> _Problem details_
If a record holds a picture, drop the picture and repeat everything else word for word.

> _Data under study_
Start of Block

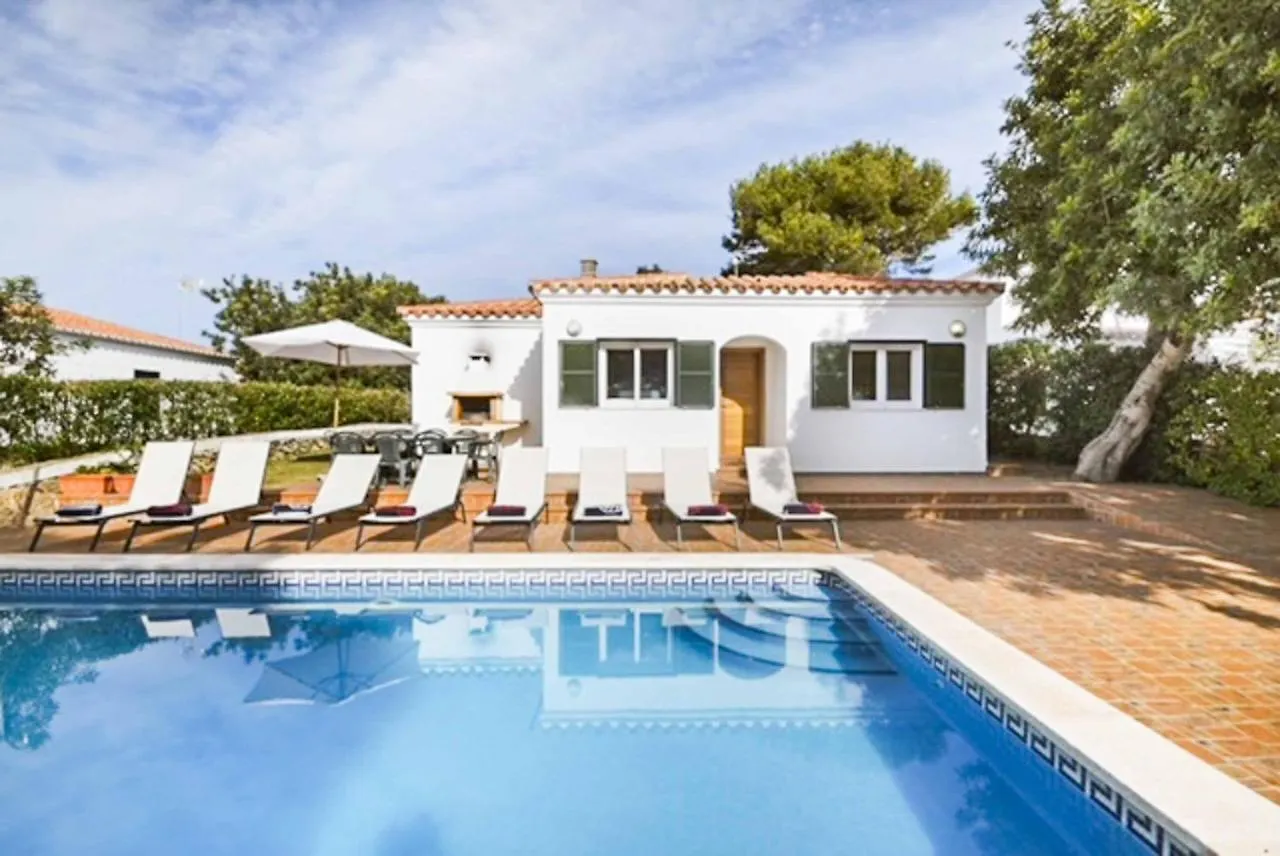Villa Verano Cala Galdana
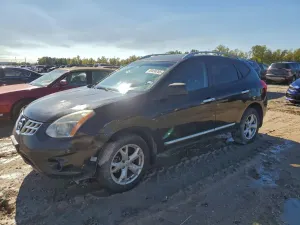 Nissan Rogue S 2.5L 4 2011
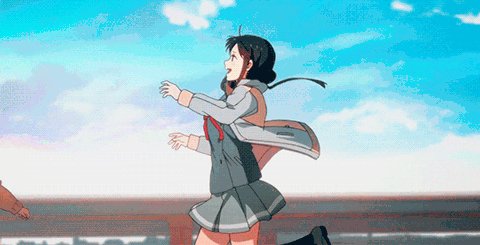 Kyoukai no Kanata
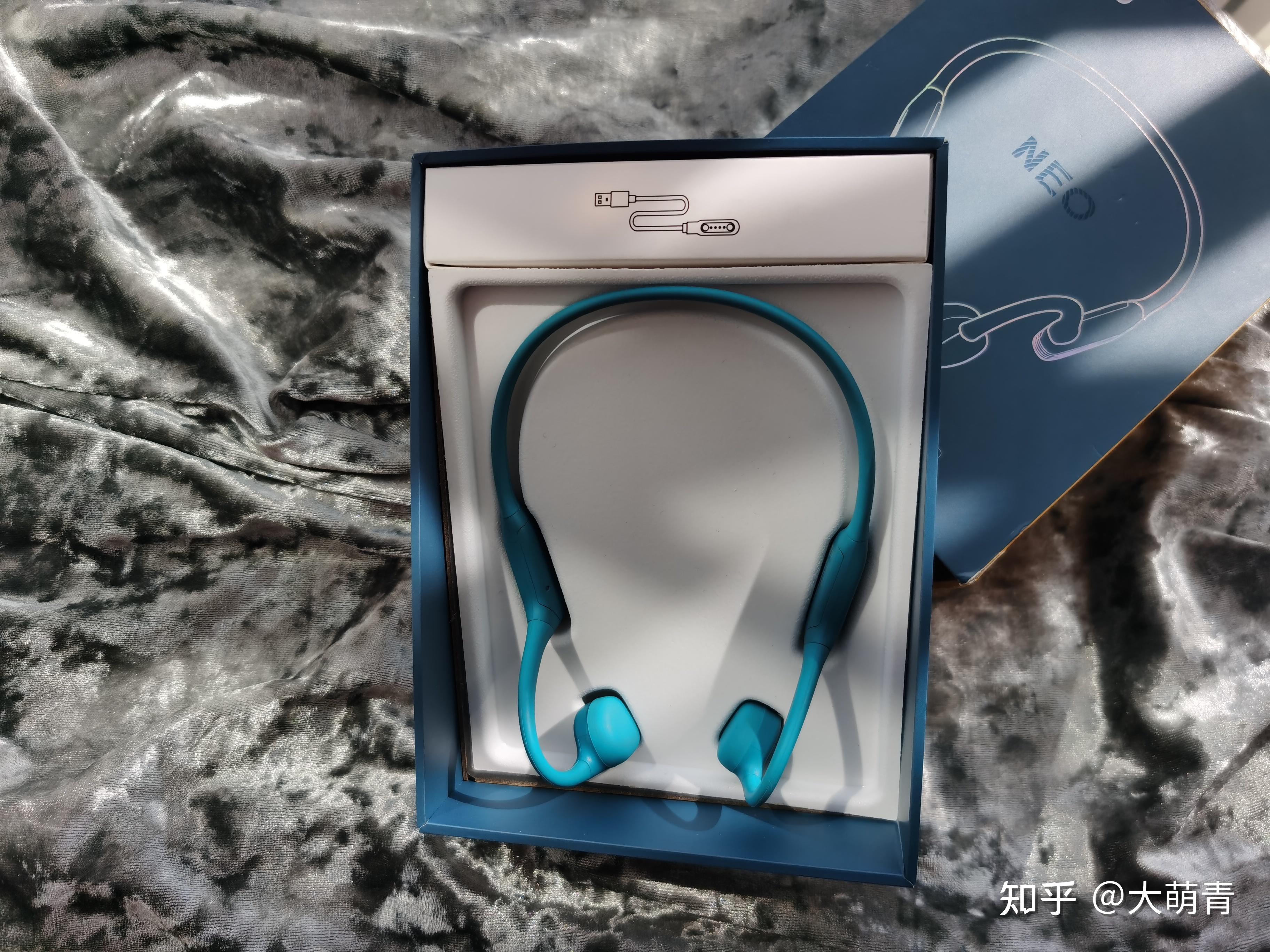 音乐不止耳边风这款骨传导耳机让您感受音乐新体验验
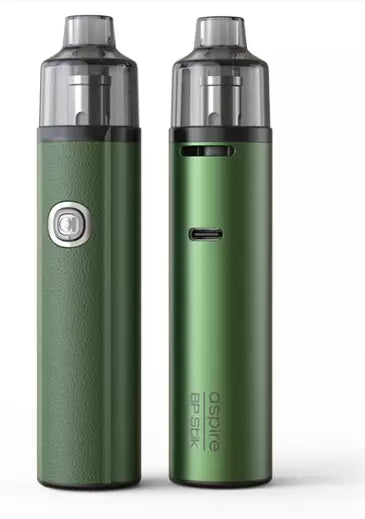 Aspire BP Stik Pod Kit Vape Device Ecig 2500mAh 80w Genuine 2ml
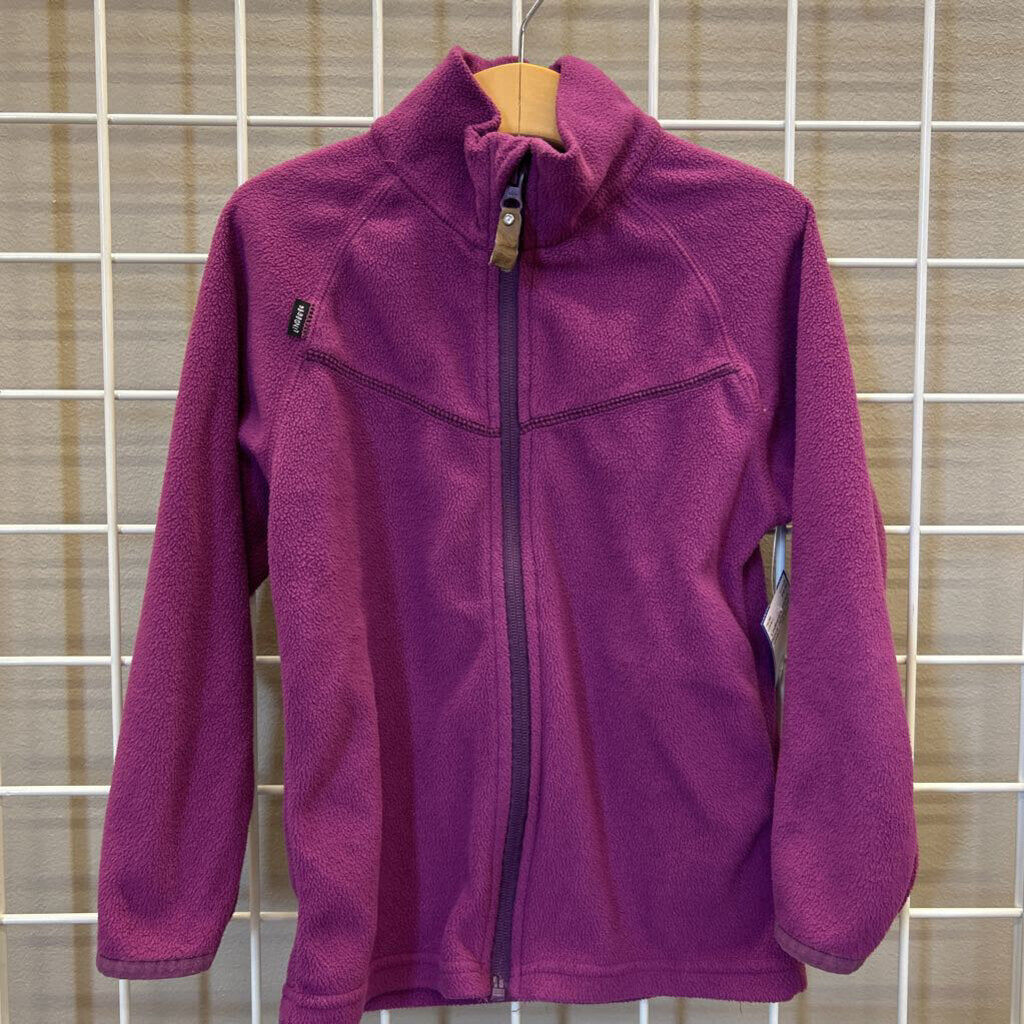 Lindberg Sweden Fleece Jacket (wash wear) - 7/8
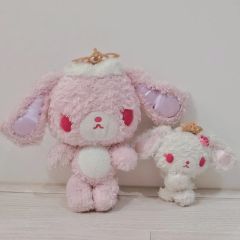 シュガーバニーズ レア カカオ バニラぬいぐるみ - メルカリ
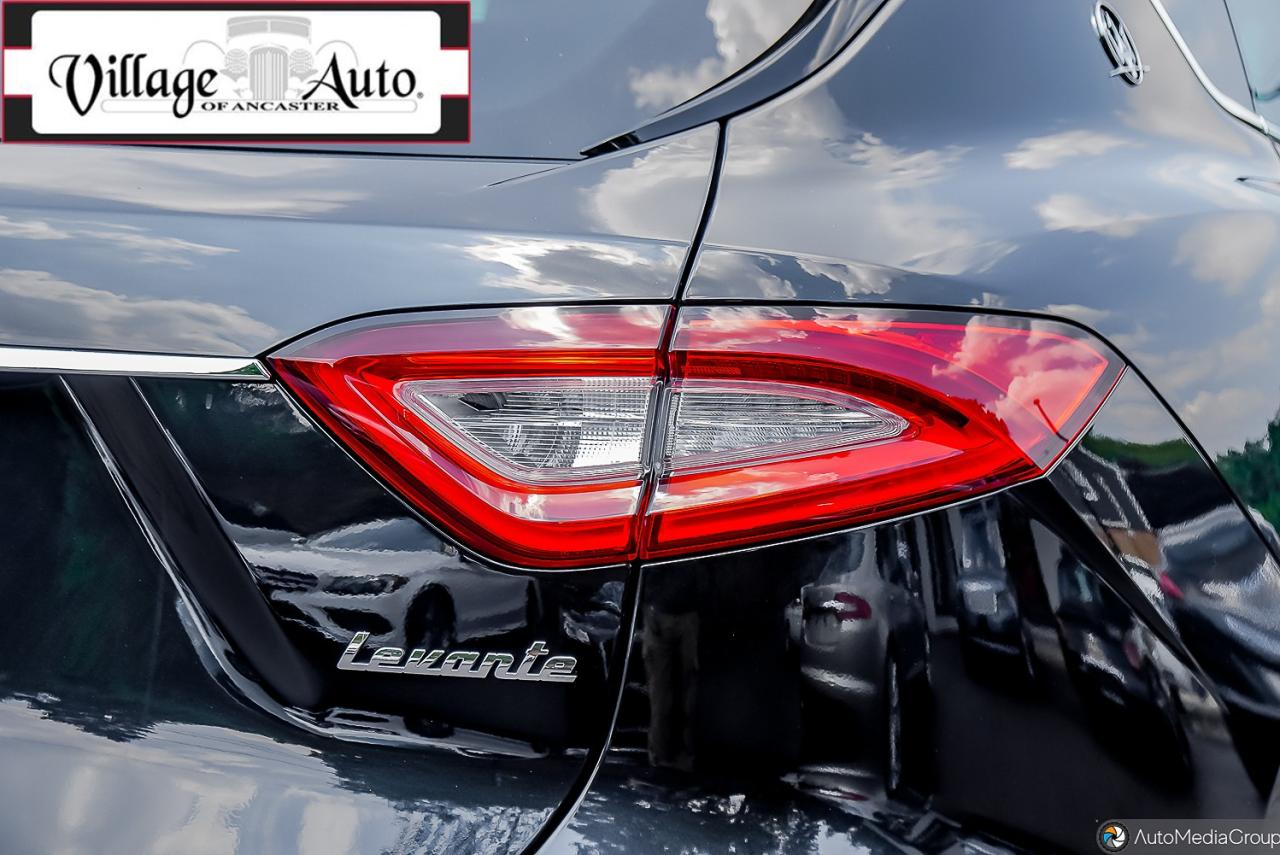 2017 Maserati Levante S - Photo #5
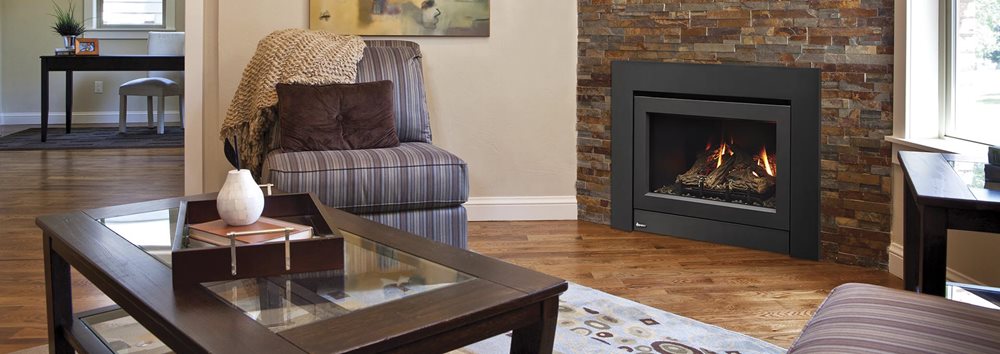 Regency IG34 Gas Inbuilt Heater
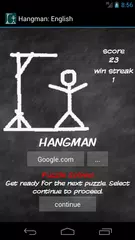 Hangman APK Herunterladen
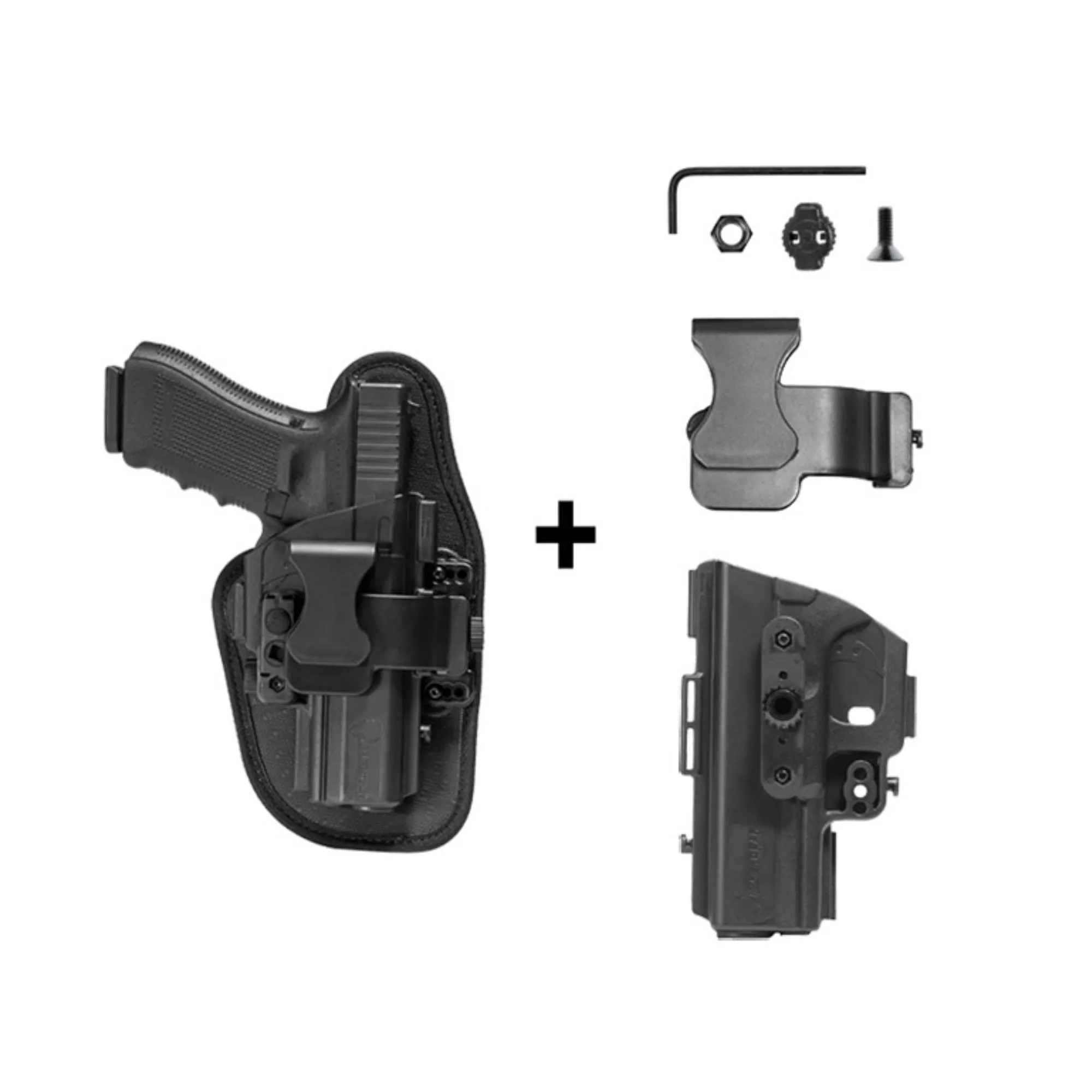 Alien Gear Sig P365 ShapeShift Appendix Carry Holster - Right Handed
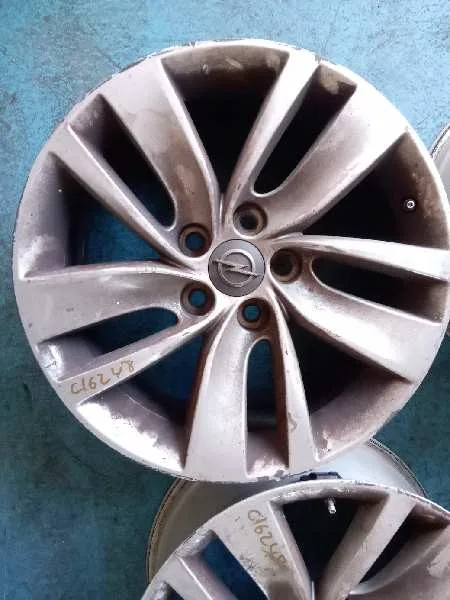 Juego Llantas para Opel Insignia Berlina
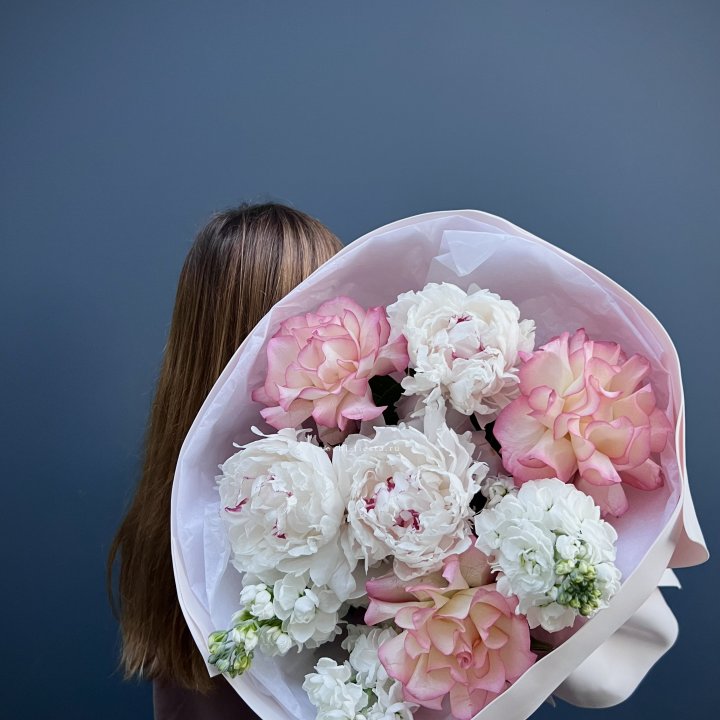  Букет "Кени" в Владимире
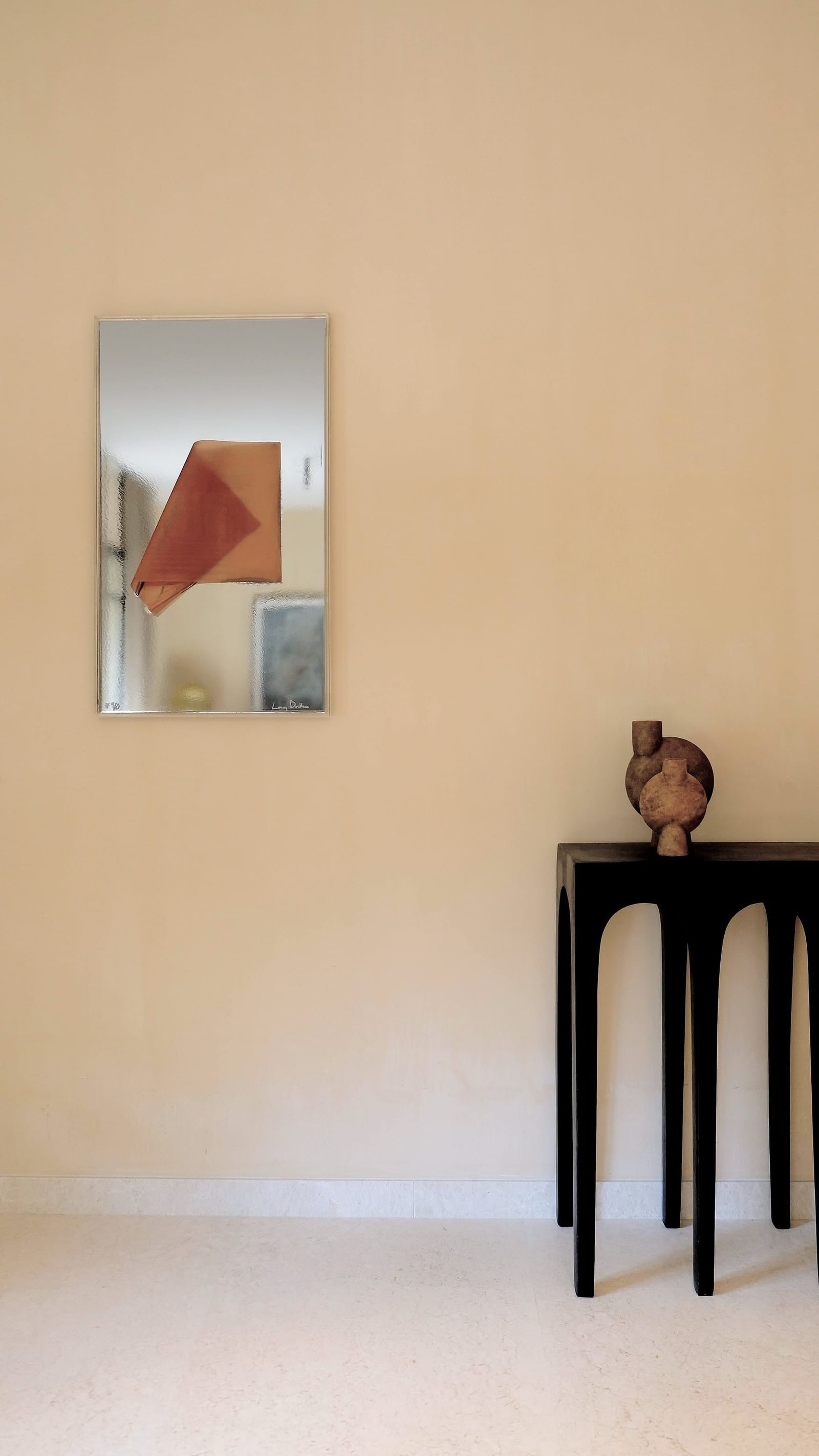 Suite à Toile Blanche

End of Block

> _Task response_
Villa Verano Cala Galdana
 Nissan Rogue S 2.5L 4 2011
 Kyoukai no Kanata
 音乐不止耳边风这款骨传导耳机让您感受音乐新体验验
 Aspire BP Stik Pod Kit Vape Device Ecig 2500mAh 80w Genuine 2ml
 Lindberg Sweden Fleece Jacket (wash wear) - 7/8
 シュガーバニーズ レア カカオ バニラぬいぐるみ - メルカリ
 2017 Maserati Levante S - Photo #5
 Regency IG34 Gas Inbuilt Heater
 Hangman APK Herunterladen
 Alien Gear Sig P365 ShapeShift Appendix Carry Holster - Right Handed
 Juego Llantas para Opel Insignia Berlina
  Букет "Кени" в Владимире
 Suite à Toile Blanche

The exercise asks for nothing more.